I’d like to think that I will start before birth, as I am buying books for later in my baby’s life I would read to them.  I also read a lot myself, and hubby and I sometimes read together, so baby would get used to the sound of oral reading.

After baby is born I would love to read at all kinds of times. I can imagine reading the cards or messages that people have sent for the birth – “This one is from aunty Moo and says...” I love the idea of reading to baby after feeding, and getting into the habit of reading before bed at night right away. As the baby is a little older and able to focus more closely and hold things more easily, I’d love to have a whole range of cloth ‘feely’ books (I have made a few of these myself!) Books about animals, about colours, about numbers. Read through them, play with them, just have them around.

I also think is important to read stories to a child, even when they may not understand all the words or concepts being mentioned. Settling down for some quiet time with a book is a good habit to form early and the rhythm and tone of your voice along with the pictures in the book will keep interest for a start.
I have no doubt that my baby will be surrounded by books. They WILL see books as presents, as things to be treasured and valued and to be shared. I still have many of the books I received as a child and there are many favourites which I now share with my students, I look forward to sharing them with my own child.

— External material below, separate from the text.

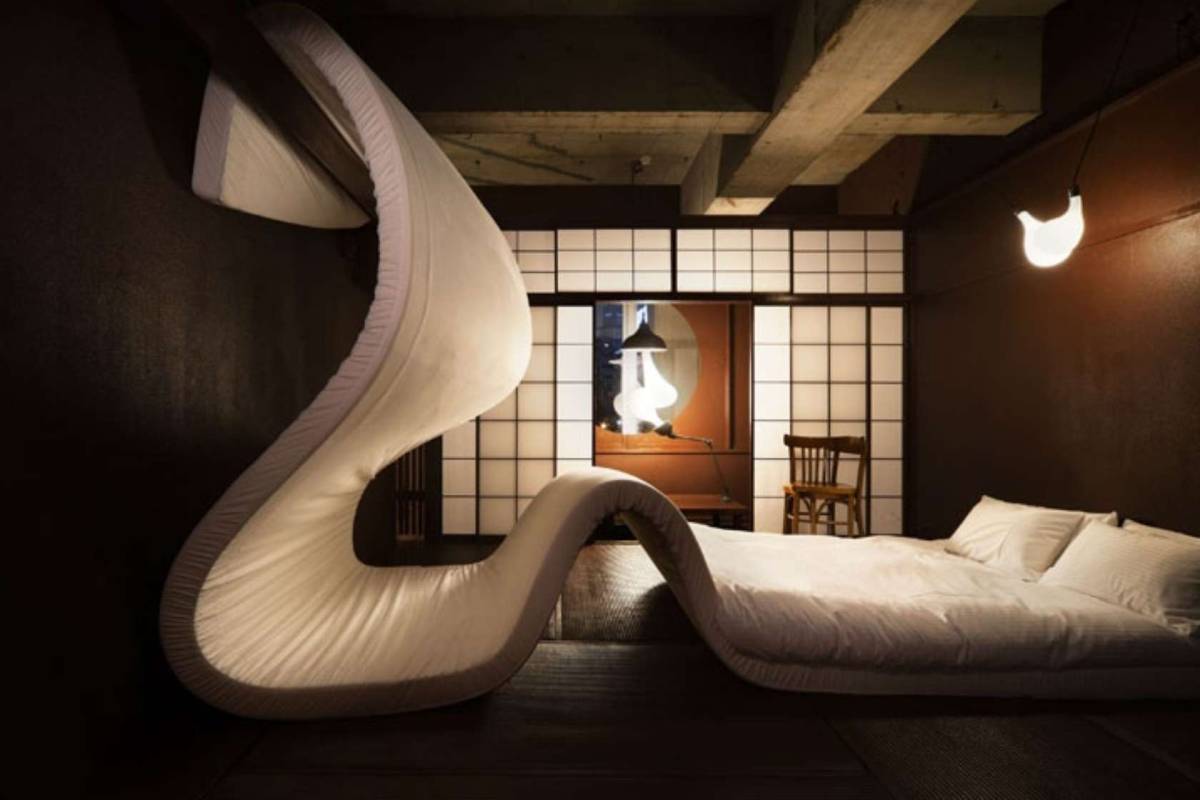 unique designers bedroom in chinese style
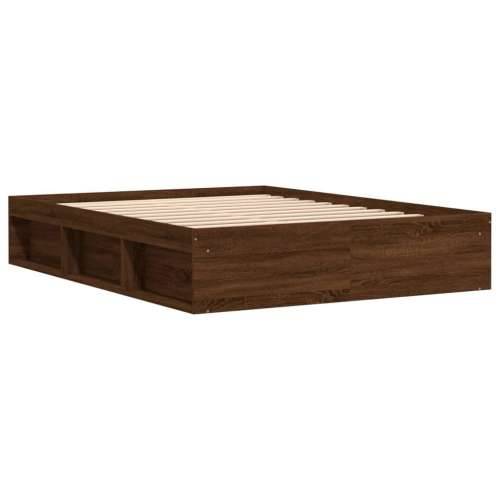 Okvir za krevet smeđi hrast 150 x 200 cm veliki bračni - Smeđi hrast 150 x 200 cm Cijena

 Animalia Where Is The Green Sheep? My Cat Likes To Hide In Boxes



I have two very clear images when I think of life with baby: one of me sitting in a chair with baby on my lap reading a book, I think it is a book of traditional stories or an old favourite of mine. The other is of my husband, lying on the bed next to the child, snuggled up close, reading a bed time story. It’s a funny book, about soccer or something that they both love and the child is in awe of the page, staring at what daddy is reading, while daddy is in awe of the child and this wonderful person that we have made together.

Why Haven't You Had A Baby Yet?

After being married for almost four years, I am used to hearing this question. I have heard it from my mum, my grandmother, friends and co-workers. The one person I didn't expect to hear it from was my hubby.

During a recent 4 hour road trip we started talking about babies, this seems to happen a lot lately! A lot of the pressure we are feeling at the moment comes from the fact that we met later in life, so while our much younger cousins are getting engaged any buying their first homes, we are still living in a rented home. Added to this, we have only been living in Australia for two years, so still settling in to some extent. A lot of our savings were used on Visas and relocation, first mine to the UK then hubby's to Australia. So we feel a little behind in this respect.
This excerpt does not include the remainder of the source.